**Your goal:**
What's needed is an exact copy of the lines from the one that contains "2 bed, 790 sqft, $5,700 — Photo 4" to the end of the data below, leaving the pictures out.

**Provided material:**
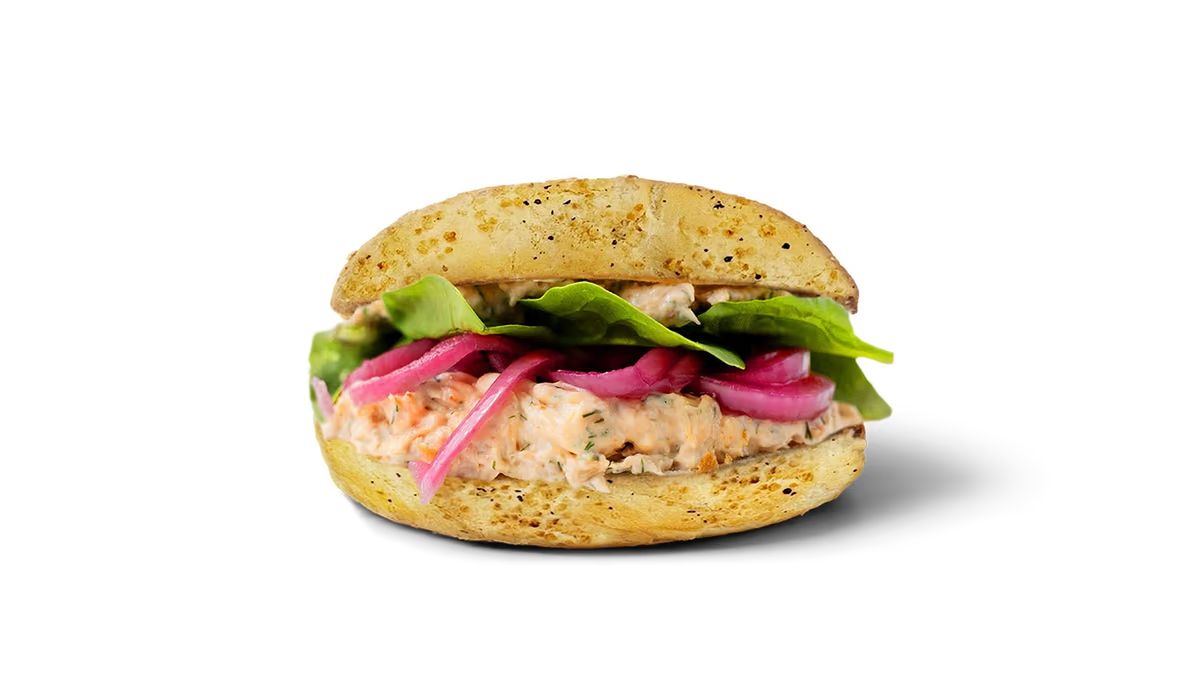 UUTUUS! Smoked Salmon Bagel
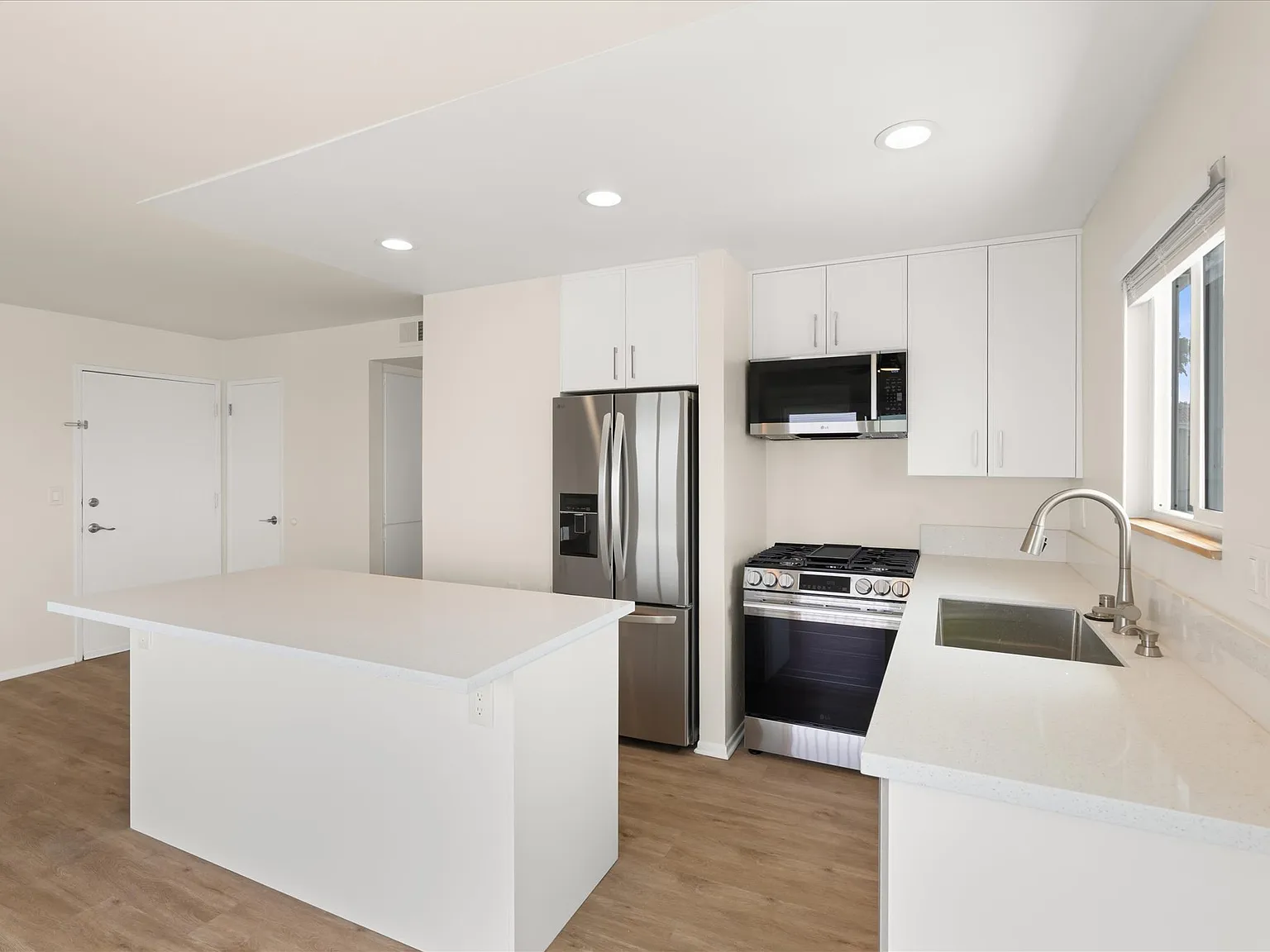 2 bed, 790 sqft, $5,700 — Photo 4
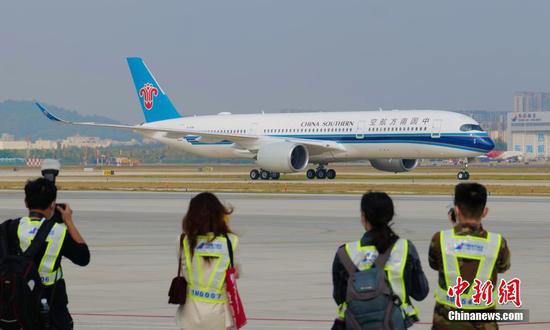 Two new A350s of China Southern Airlines arrives in Shenzhen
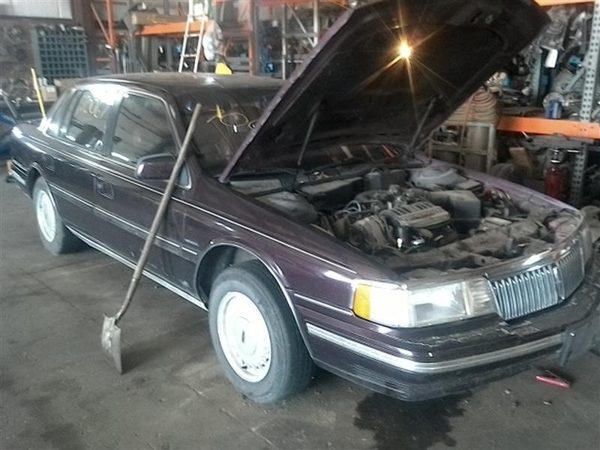1991 Lincoln Continental — vehicle photo 1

**Expected answer:**
 2 bed, 790 sqft, $5,700 — Photo 4
 Two new A350s of China Southern Airlines arrives in Shenzhen
1991 Lincoln Continental — vehicle photo 1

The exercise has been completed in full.